2.4.1. Nearest Neighbor Target Association Using Rules
To further reduce false positives, we implemented a simple distance rule to properly associate the components from one frame to another. For example, if we know the location of the target in the previous frame, we can assume that the target did not leave the surrounding area (i.e., 100 pixel radius). When implemented into the optical flow workflow, the results were discouraging. There were 0 correct detections on the 3500 m MWIR daytime video. The reason for this is that if the detected target is far enough outside the actual location of the target, this approach will struggle to correctly detect the target in future frames. The example below demonstrates the shortcomings of this approach for this particular dataset. For example, in the first frame of the 3500 m video, the detected target is in the bottom left. Even though the optical flow correctly detects targets in the proceeding frame, the rule-based analysis will eliminate it from the possible targets due to the original detection in the first frame.

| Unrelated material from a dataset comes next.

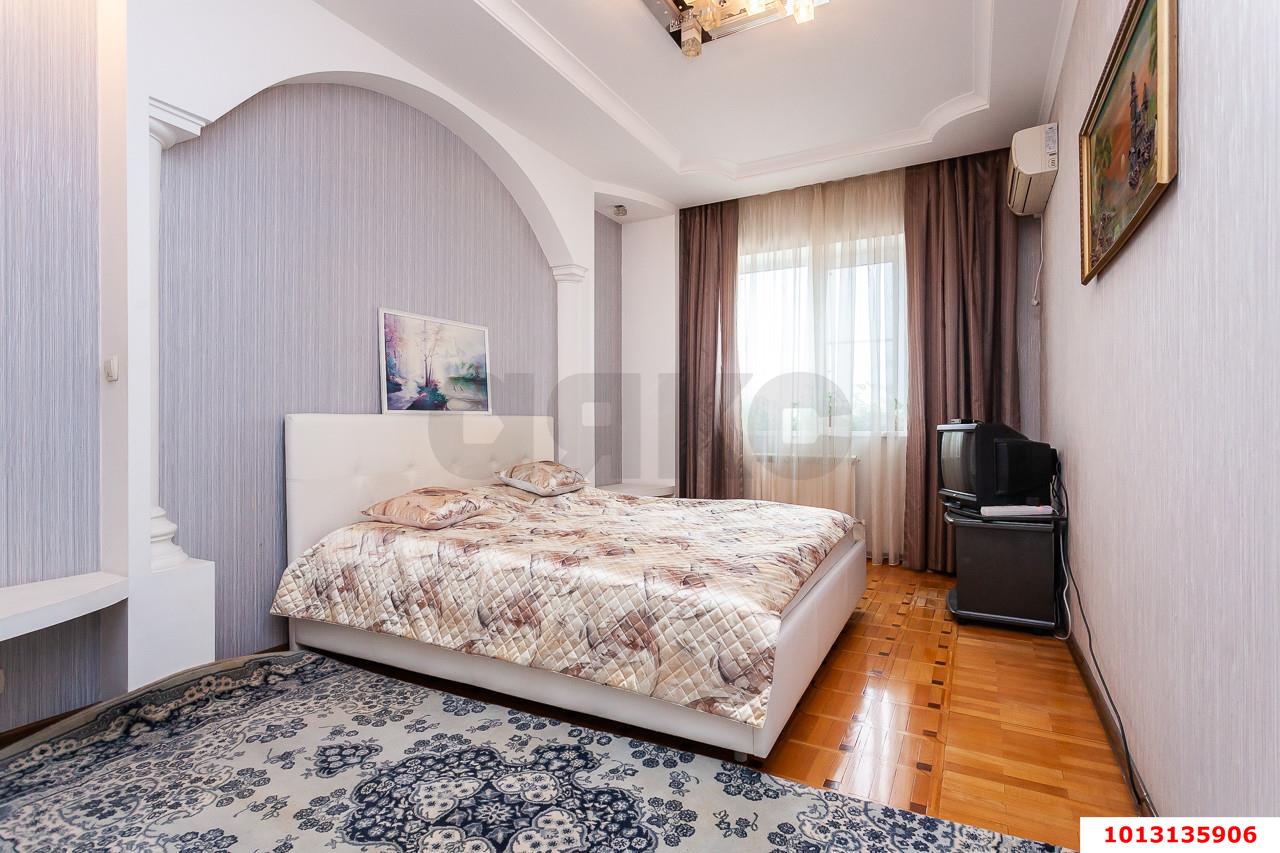 Фото №5: Дом 286&nbsp;м² + 3.5&nbsp;сот., 2&nbsp;эт. - Елизаветинская, мкр. Прикубанский внутригородской округ, пр-д Энтузиастов, 26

2.4.2. Target Searching Radius
In the updated pipeline shown in
Figure 5, there is more emphasis on establishing the initial location of the target and searching closely around that area. We use a much tighter radius for searching, 20 pixels instead of 200. Although there can be cases of missing detections with such a tight search radius, if we use this in conjunction with extrapolation, we can overcome the issue of missing detections. It should be noted that the input frames for this workflow are the Approach 3a contrast-enhanced frames discussed in the
Appendix A.
2.4.3. Rules to Eliminate False Positives
Some simple rules are applied to eliminate some false positives. For example, one rule eliminates certain connected components that do not meet size criteria. If the size of the component is bigger than 10 pixels (for instance), then the component is discarded.
Figure 6 illustrates the impact of using rules. It can be observed that there are more false positives in the image without using rules.
4. Conclusions and Future Research
We propose an unsupervised, modular, flexible, and computationally efficient target detection approach for long-range and low-quality infrared videos containing moving objects. Extensive experiments using MWIR infrared videos collected from 3500 to 5000 m were used in our evaluations. Two well-known optical flow methods (TV-L1 and Brox) were used to detect moving objects. Compared with TV-L1, Brox appears to have a slight edge in terms of accuracy, but requires more computational time. Two object association methods were also examined and compared. The rule-based approach outperforms another method known as SORT. We also observed that the manipulation of the intensity/contrast of the input frames is especially essential for optical flow methods, as they are much more sensitive to background intensity differences across frames. Using a second order histogram matching method for contrast enhancement was shown to be effective at resolving contrast issues in the DSIAC dataset.
In the future, we will investigate faster implementation of optical flow methods using C or field programmable gate array (FPGA).